Je fais souvent des blagues idiotes quand je dis qu'un Desrochers à son meilleur fait mal paraître le père Hugo. Il arrive que le disciple dépasse le maître. Cela s'est produit pour l'auteur d'À l'ombre de l'Orford vis-à-vis certains des poètes les plus importants du XIXe et commencement du XXe siècle, quand il a conçu des pièces au lyrisme aussi puissant que celui de "Désespérance romantique" et de "Hymne au vent du Nord".

Cette correspondace m'a profondément marqué.
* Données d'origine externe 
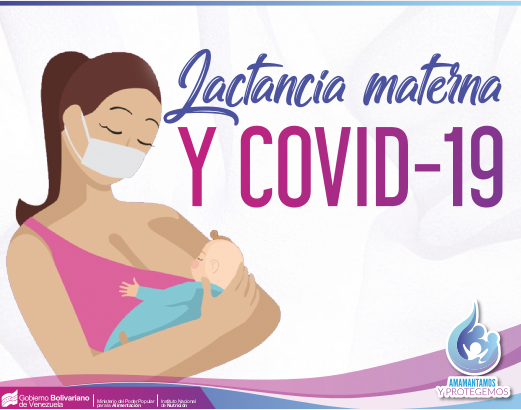 <b>INN REALIZA EL FORO CHAT “LACTANCIA MATERNA Y COVID-19”<b>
Leurs relations étaient parfois tendues. Desrochers qui était de la vieille école, n'aimait pas les poèmes en prose. Avant même d'avoir lu l'oeuvre de Marchand, il écrivait : "Le poème en prose m'a toujours semblé un genre bâtard. Avis!" De son côté, Marchand était déçu de la faible production littéraire de Desrochers à qui il reprochait sa paresse et son penchant pour la bouteille. Le 29 décembre 1937, il écrivait :

Je crois que tu bois trop, espèce de cochon. Si tu crèves avant d'avoir donné à ton pays les chefs-d'oeuvre qu'il est en droit d'attendre de ton magnifique talent, tu peux être sûr que je n'irai pas à tes funérailles. Mais pendant qu'on enterrera ta carcasse, je consacrerai un éreintement soigné à ton oeuvre. Ce sera ma façon de te manifester mon admiration déçue.